The question MUST use the sum of geometric series forumla within the proof.
Here is my answer - Note sum(x = y, z) is a replacement for capital sigma notation, where x is the lower bound of the summation initialised to y and z is the upper bound of the summation:
1. *change forumla:*
2. f(n) = 6^n.g(n)
3. => 6^n.g(n) = 6.6^(n-1) .g(n-1) -5
4. => g(n) = g(n-1)-5/6^n
5. => g(n) = sum(i=1, n)-5/6^i
6. => f(n) = 6^n.sum(i=1, n)-5/6^i
7. => *Evaluate the sum using geometric series forumla*
8. => sum(i = 1, n)-5/6^i = [sum(i = 1, n)a^i] -------> (a = -5/6)
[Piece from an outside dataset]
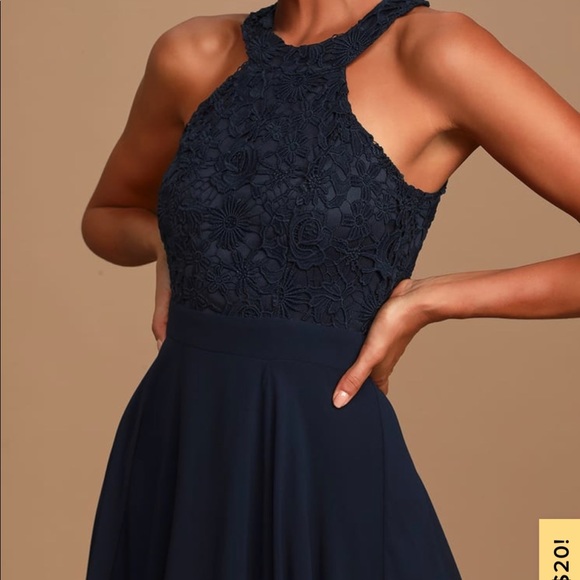 picture perfect navy blue lace maxi dress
9. => *sub a = -5/6 into geometric forumla [a(1-a^n)/(1-a)]*
10. => [(-5/6(1 - (-5/6)^n))/(1-(-5/6))]
11. => g(n) = [(-5/6(1 + (5/6)^n))/(1+5/6)]
12. => f(n) = 6^n . g(n) = 6^n[(-5/6(1 + (5/6)^n))/(1+5/6)]
13. => *sub in n = 0 to see if f(0) = 2*
Firstly, I am sure the equation on line 11 can be simplified further and secondly subbing in n = 0 should yield 2 as the result. I cannot obtain this answer when reaching line 13...
EDIT: What I need to know is why I am not getting f(0) = 2 when subbing n = 0 into the equation in line 12. Also what I would like to know is how can I simplify the equation for f(n) in line 12?
Anyone...?
Without thinking too hard about this, I'm going to say that f(n + 1) is 6 times larger than f(n), minus a constant. f(n) is therefore certainly O(6^n). Although you may find a tighter bound, that's about as far as I'd go in practice!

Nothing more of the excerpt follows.